そう思って観たが最後、抜けられなくなるのである。なんのことか。アマゾンプライムビデオで配信されているアニメのことである。

もうすぐ、進撃の巨人のアニメが最終回を迎えるという。

ぼくは漫画版の進撃の巨人を途中まで読んでいた。コロナの始まりのころ、外出自粛になったときにメルカリでまとめて購入して読んだのだ。当時の最新刊である32巻くらいまで読んだだろうか。続きが気になっていたものの、最新刊が発売されるたびに購入することはなく、そのままになっていた。でもやはり、続きはどうなるのか、どんな終わり方をするのか、気になってはいた。

「そうか、最終回の配信がもうすぐなのか。であれば、観るのがたのしみだ。最近はあまりエンタメ的なたのしみを生活のなかに入れていない。やはり生活にたのしみが必要だ。この機会に観てみよう。ストーリーも忘れてきているし、中盤くらいからひとつだけ観てみるか」

そう思って観たが最後、1話20分で終われるわけもなく、結局18話くらい観てしまった。時間にして約6時間、気がついたら深夜の3時であった。

選べると思っているから後悔する

後悔したかと言えばしている。後悔しているのはアニメを観たことではなく、夜更かしをしたことだ。「ああ、やっちまった。次の日つらいだろうな」と思い、思った通り次の日の体調が思わしくない現実に、後悔しているのだ。

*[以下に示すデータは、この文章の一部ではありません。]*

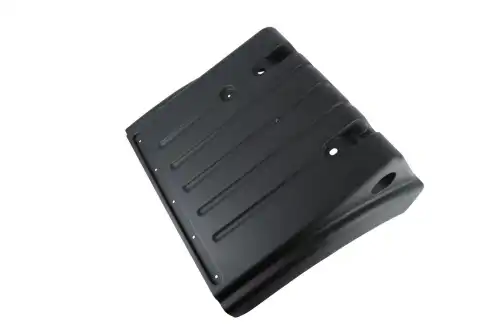 Крыло MARSHALL M3090903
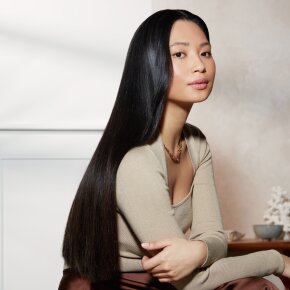 Christophe Robin Detangling Gelee With Sea Minerals 200 ml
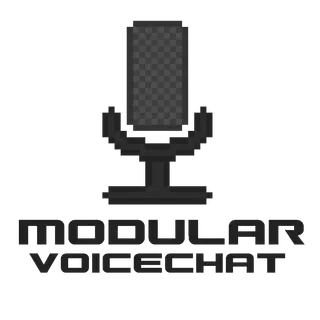 ModularVoiceChat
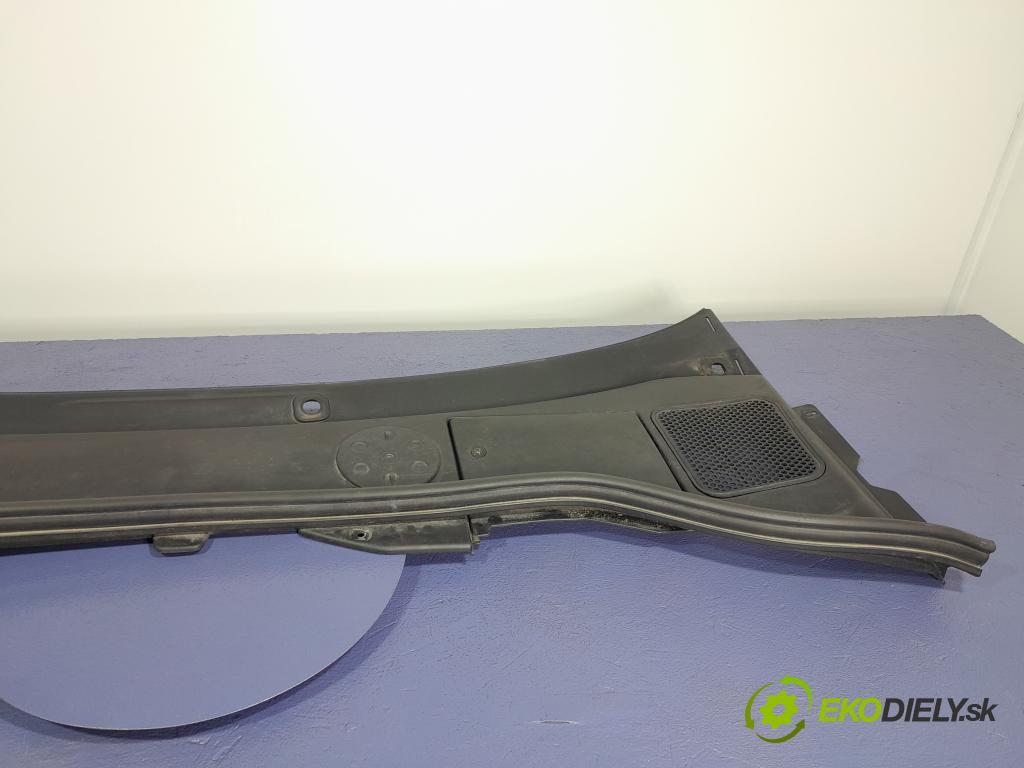 Volvo V60 2013 torpédo 31298771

では後悔とはなんだろうか。どんなときに人は後悔するのだろうか。

たとえば、もしも後輩が会社で同じことをしていたらどう思うのだろうか。深夜3時までアニメを観ていて、体調が優れないと言ってきたら、どう思うのだろうか。きっと「社会人失格」のようなことを思うのだろう。口に出して言わなくても、それに近いことは感じるのだろう。

そう思うのは、「選べる」という前提があるからだ。観る、観ないの選択権が、その本人にあると思うからだ。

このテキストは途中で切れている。